Dave and Boo have a long musical history but that was then and this is now and I’d like to think that Facebook Friend will bring them new friends of a more substantial nature.
There is a theme of dislocation running through the record and if you need a soundtrack for your mid-life crisis this is it. The opening track, ‘Home Again’ is about that feeling of a need to return to your roots and is about the contentment you feel when you achieve that goal – the mirror image of ‘Back To Default’ which is about the crushing of life’s ambitions. The title track is about loneliness and the desire for real friendship but having to make do with its digital simulacrum. The track that’s getting all the interest, ‘God Save Olive Cooke’, is about the poppy seller who took her own life at the age of 92 because she had lost faith in humanity. Some people don’t take that long but surely that is the ultimate in dislocation?

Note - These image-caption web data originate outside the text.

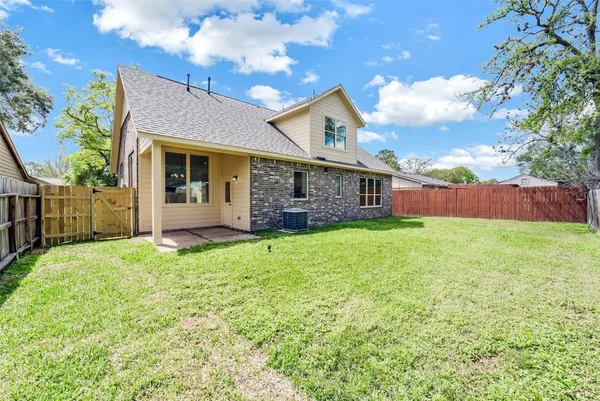 $2,750 | 6835 Tara Drive, Richmond, TX 77469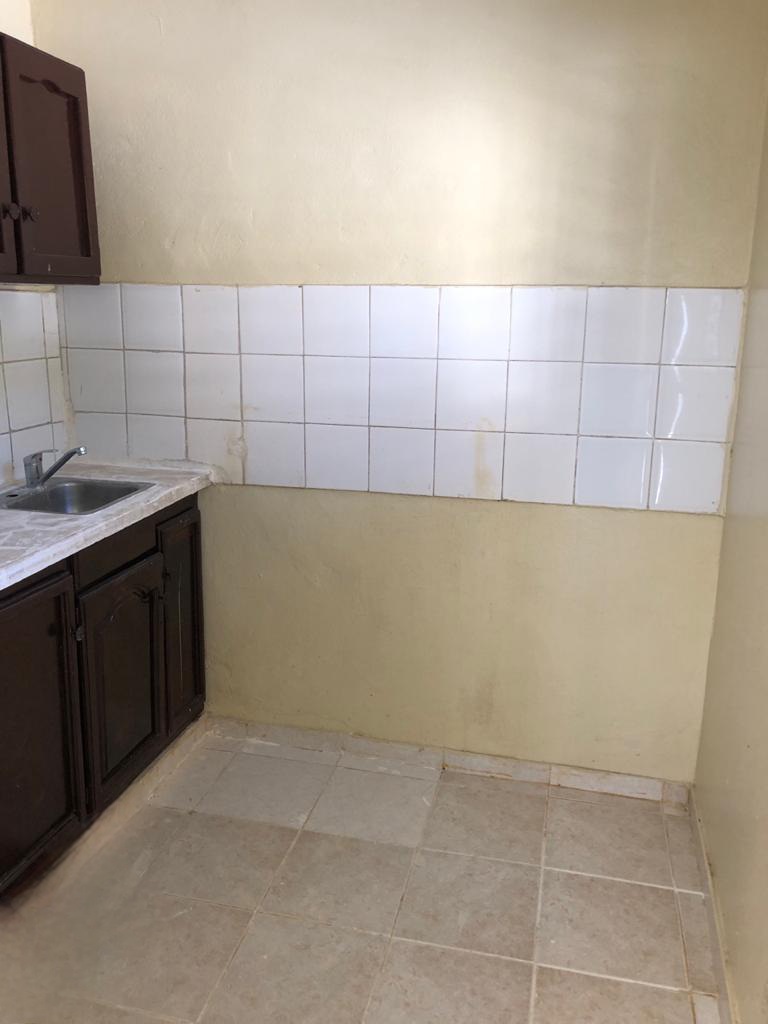 apartamentos - Se alquila apto. de una habitacion en segundo piso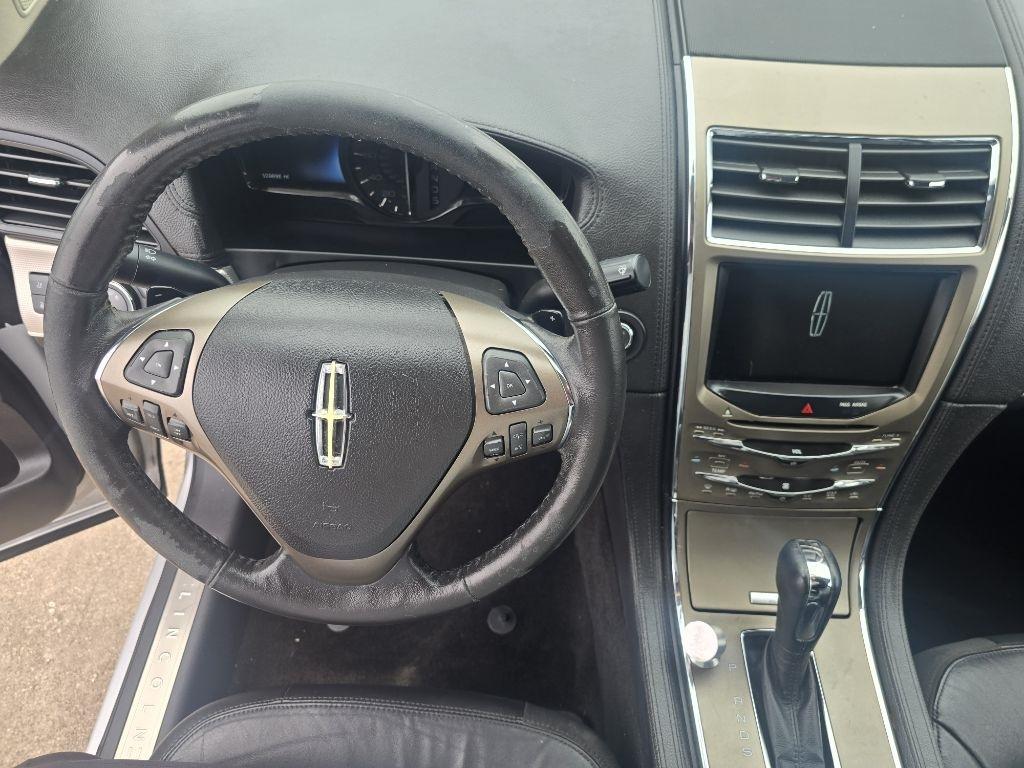 2014 Lincoln MKX BASE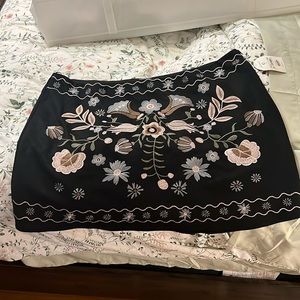 Arula Black Floral Mini Skirt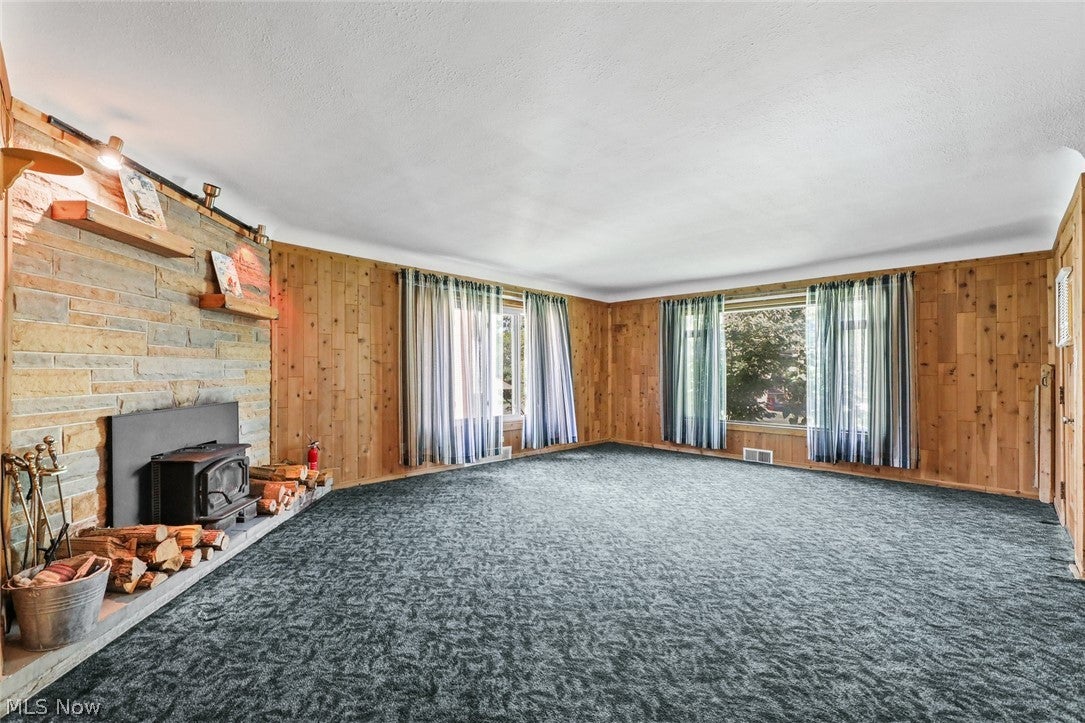 4695 W Ridgewood Drive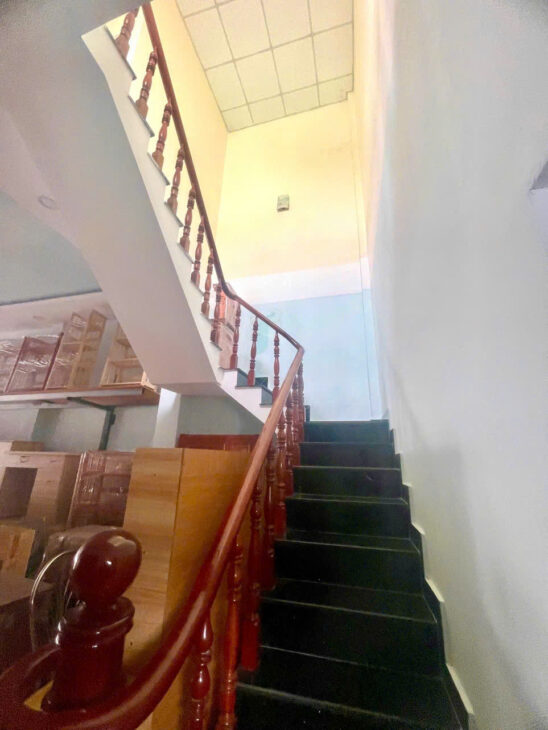 NHÀ LÔ GÓC 2 MẶT TIỀN VÍP 4,5X20M 2 TẦNG ĐẶNG THÚC VỊNH HÓC MÔN SHR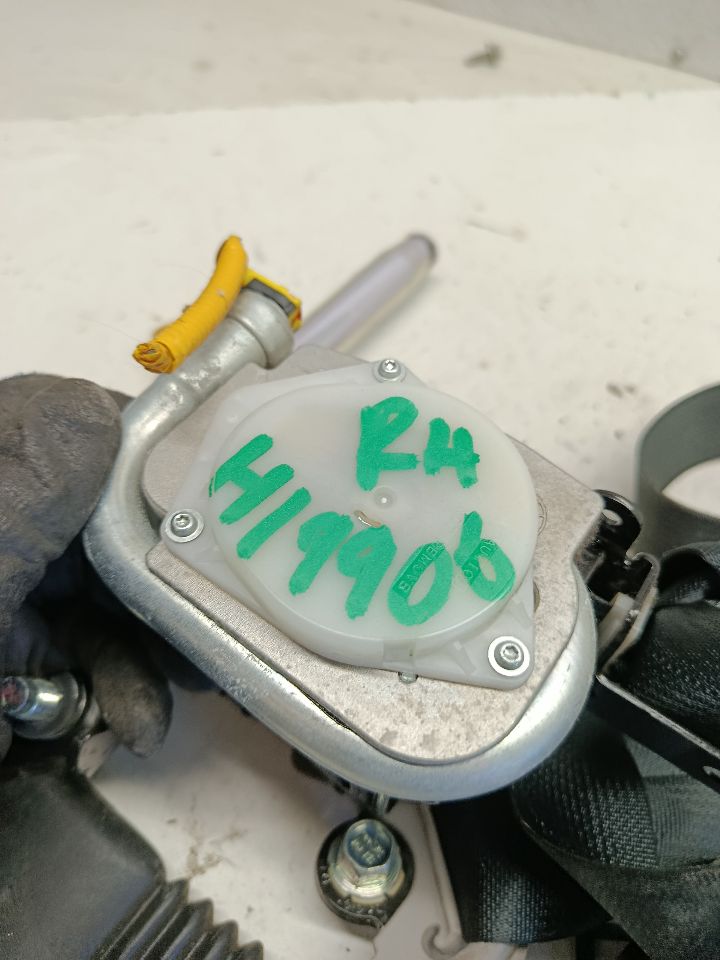 Used 2013 Hyundai ELANTRA retractor - Stock #H19906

There are songs of failed relationships, of the pain of childhood and of the realisation at some point in your life that you’ve come as far as you can and there ain’t nothing you can do about it. There are cheerier moments like ‘Victor Coyle’, the story a man who loved to sing and was the first owner of a 1912 Gibson mandolin like the one Dave now plays. Victor lived an ordinary life and died without really making a mark – but who’s to say that he wasn’t happy with his lot?
Between them, Dave and Boo play ten instruments and employ no-one else on the album. Despite their virtuosity, they deliberately keep it simple and share the lead vocals: Boo with a jazzy vibe – she also plays bass on the album – and Dave in a more folky style and despite the variety of moods the whole thing flows together very nicely.